INFORMATION PROVIDED.
--------------------

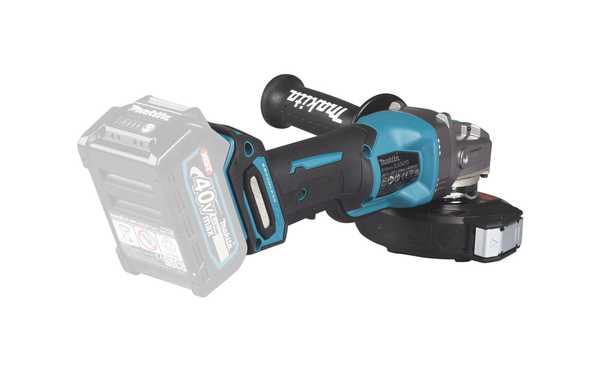 Makita GA047GZ Akku-Winkelschleifer 40V<br>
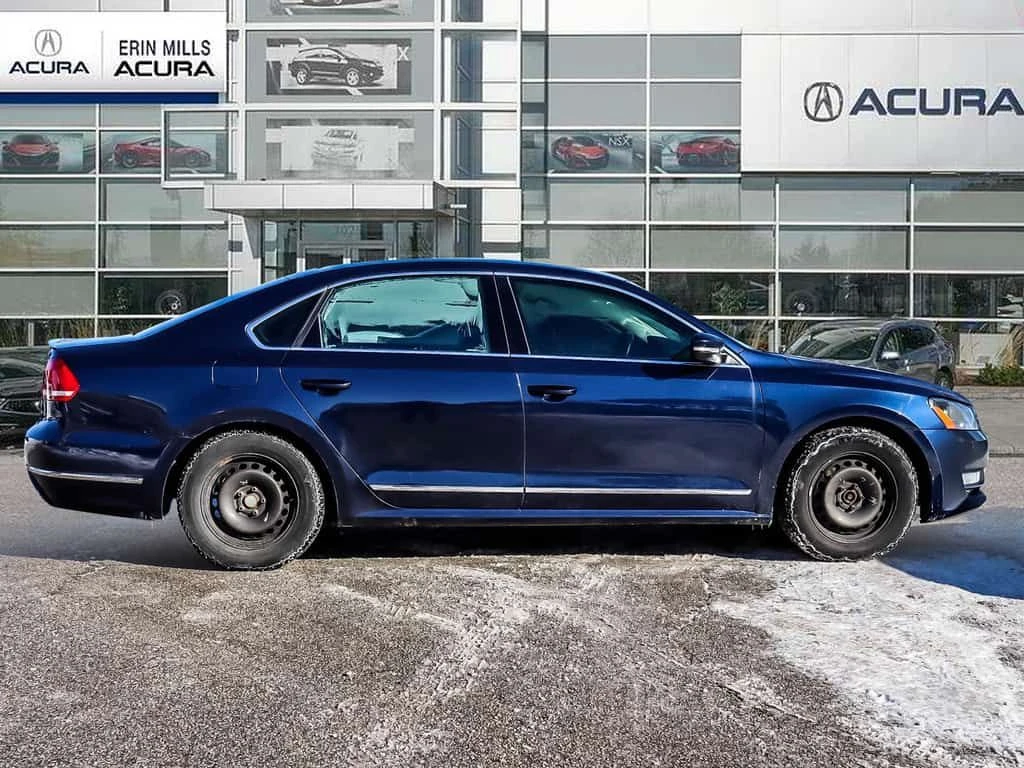 VW Passat * TDI HIGHLINE | AS IS SPECIAL | YOU CERTIFIY YOU  - изображение 3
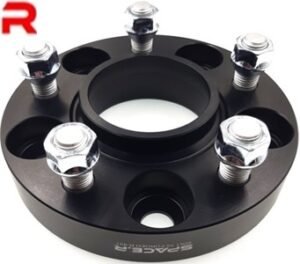 R401 | Bimmec | Spacer – 5×120 – 25mm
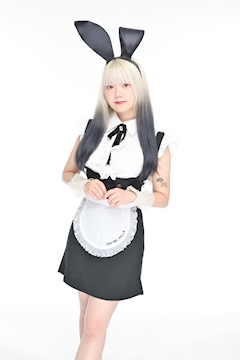 プロフィール写真24・🤍💙 りん ᕱ⑅ᕱ 🤍💙(OH!RE:VILLA)｜OH! RE:VILLA・オレビラ - 歌舞伎町のガールズバー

--------------------

WORK TO COMPLETE. Transcribe the full listing exactly, but keep every image out of it.

REPLY.
 Makita GA047GZ Akku-Winkelschleifer 40V<br>
 VW Passat * TDI HIGHLINE | AS IS SPECIAL | YOU CERTIFIY YOU  - изображение 3
 R401 | Bimmec | Spacer – 5×120 – 25mm
 プロフィール写真24・🤍💙 りん ᕱ⑅ᕱ 🤍💙(OH!RE:VILLA)｜OH! RE:VILLA・オレビラ - 歌舞伎町のガールズバー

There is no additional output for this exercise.